A High Octane Year for Xcite Car Leasing

 

As Q4 came to an end, Director Spencer Blake, reflected on one of the most rip-roaring years Xcite Car Leasing has ever seen and how the vehicle leasing sector's looking primed for 2026…

The impact of the EV grant programme

I feel the EV grant was a good idea but that it’s had limited short-term impact in the Contract Hire and leasing channel.  Every car that’s eligible for the grant is now more expensive to lease than before that grant, mainly due to the impact on the residual value.  The money would have perhaps been better spent supporting used EVs; if these become better value, it helps to bolster the residual values on new cars and engenders confidence from leasing companies, encouraging more aggressive pricing strategies. 

Chinese entrants still going strong

The new Chinese entrants were incredibly aggressive in 2025, and I see no sign of this abating in 2026. There was an incredible stat shared by CAP HPI this year that showed it took both Toyota and Kia 10 years to gain 1% market share. MG under Chinese ownership achieved that in 5 years,  BYD in 2 years and currently Jaecoo, Chery and Omoda are on track to achieve 1% of the UK new car market in less than 12 months!

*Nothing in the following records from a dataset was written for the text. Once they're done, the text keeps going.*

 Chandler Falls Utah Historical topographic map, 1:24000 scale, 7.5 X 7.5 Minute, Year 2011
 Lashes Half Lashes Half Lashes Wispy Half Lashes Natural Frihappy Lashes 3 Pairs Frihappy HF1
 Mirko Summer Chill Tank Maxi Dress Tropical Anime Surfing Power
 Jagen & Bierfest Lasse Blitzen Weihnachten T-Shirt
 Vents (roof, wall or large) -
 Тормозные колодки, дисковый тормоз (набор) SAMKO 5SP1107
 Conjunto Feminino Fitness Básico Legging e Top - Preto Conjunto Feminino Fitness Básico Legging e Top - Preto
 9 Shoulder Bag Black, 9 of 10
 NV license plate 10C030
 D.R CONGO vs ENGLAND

This has been helped by the lower tariffs combined with a very aggressive pricing strategy.  It brings Xcite Car Leasing, as a broker, massive opportunities, both with the new entrants but also the incumbent manufacturers.  We have seen a few look to the broker market where they hadn’t previously, to help them combat the Chinese entrants and protect their market share. In 2026 I expect us to be able to offer our customers competitive pricing on more makes and models than ever before.

Intense competition continues

The competition among leasing companies, funders and manufacturers continues unabated. 2025 saw the broker market consolidate, with some smaller brokers ceasing trading, others who have seen the value in appointed representative (AR) partnerships, and still others who have been acquired to form larger businesses, thus benefiting from economies of scale and shared resources.  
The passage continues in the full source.